*EXERCISE OBJECTIVE*
In the listing below, start your output at the line with "Citizen Men's Watch" and end it after the line with "Freundlicher Nachbarschaftsverwalter - Unisex", copying every line exactly.

*** Opening INPUT RECORDS ***

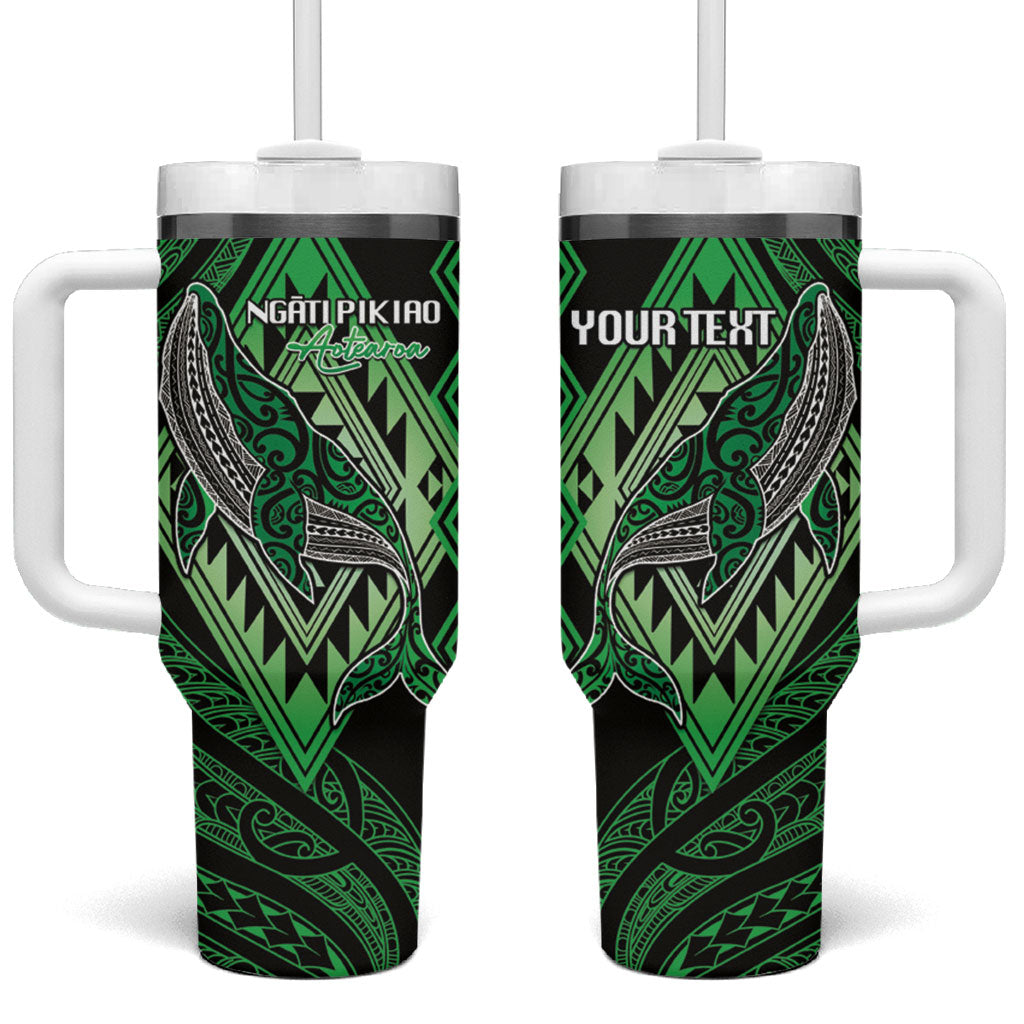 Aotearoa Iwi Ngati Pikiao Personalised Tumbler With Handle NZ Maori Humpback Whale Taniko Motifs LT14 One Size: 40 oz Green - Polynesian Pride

*** Closing INPUT RECORDS ***
*** Opening INPUT RECORDS ***

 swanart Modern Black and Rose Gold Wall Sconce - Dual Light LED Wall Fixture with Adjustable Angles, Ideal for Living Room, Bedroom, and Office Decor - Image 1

*** Closing INPUT RECORDS ***
*** Opening INPUT RECORDS ***

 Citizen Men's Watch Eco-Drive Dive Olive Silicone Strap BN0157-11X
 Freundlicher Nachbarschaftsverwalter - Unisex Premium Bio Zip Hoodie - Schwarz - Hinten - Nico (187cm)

*** Closing INPUT RECORDS ***

*TASK OUTPUT*
 Citizen Men's Watch Eco-Drive Dive Olive Silicone Strap BN0157-11X
 Freundlicher Nachbarschaftsverwalter - Unisex Premium Bio Zip Hoodie - Schwarz - Hinten - Nico (187cm)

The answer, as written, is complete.